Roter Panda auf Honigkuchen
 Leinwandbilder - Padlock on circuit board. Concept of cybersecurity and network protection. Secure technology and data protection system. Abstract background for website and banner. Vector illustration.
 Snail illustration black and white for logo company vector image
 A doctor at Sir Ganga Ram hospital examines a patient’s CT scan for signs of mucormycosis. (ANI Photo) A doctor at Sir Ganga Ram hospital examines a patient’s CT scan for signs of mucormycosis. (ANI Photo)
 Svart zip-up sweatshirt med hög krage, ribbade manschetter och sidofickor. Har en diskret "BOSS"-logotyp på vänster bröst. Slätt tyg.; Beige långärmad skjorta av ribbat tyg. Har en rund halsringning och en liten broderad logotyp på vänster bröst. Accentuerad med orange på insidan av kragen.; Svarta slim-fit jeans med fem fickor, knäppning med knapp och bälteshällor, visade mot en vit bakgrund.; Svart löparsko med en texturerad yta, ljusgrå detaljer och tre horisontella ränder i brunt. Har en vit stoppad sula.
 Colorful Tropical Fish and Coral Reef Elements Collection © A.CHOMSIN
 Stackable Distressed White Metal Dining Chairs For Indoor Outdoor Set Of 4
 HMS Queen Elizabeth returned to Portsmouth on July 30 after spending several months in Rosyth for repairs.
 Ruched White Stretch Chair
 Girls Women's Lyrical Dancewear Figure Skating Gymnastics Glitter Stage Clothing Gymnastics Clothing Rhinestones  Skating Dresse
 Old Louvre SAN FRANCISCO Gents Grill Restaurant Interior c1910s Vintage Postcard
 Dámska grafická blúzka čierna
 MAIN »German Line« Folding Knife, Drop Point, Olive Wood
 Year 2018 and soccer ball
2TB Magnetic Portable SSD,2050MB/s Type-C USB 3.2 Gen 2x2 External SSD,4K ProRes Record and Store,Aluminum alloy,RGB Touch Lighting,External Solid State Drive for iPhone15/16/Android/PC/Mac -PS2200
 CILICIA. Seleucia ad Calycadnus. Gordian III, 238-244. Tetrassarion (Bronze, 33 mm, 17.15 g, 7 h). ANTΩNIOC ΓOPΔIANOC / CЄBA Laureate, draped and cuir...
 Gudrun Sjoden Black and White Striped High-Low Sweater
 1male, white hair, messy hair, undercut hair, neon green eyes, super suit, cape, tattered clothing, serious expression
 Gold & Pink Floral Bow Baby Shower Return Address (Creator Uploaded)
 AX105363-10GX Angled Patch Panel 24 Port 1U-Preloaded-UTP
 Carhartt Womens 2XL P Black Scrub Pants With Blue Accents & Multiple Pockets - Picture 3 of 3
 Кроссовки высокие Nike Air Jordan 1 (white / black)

* * * *

◆ Exercise directions ◆
Within the listing, how many lines hold the string "illustration"? Answer with the number alone.

◆ Answer to the problem ◆
2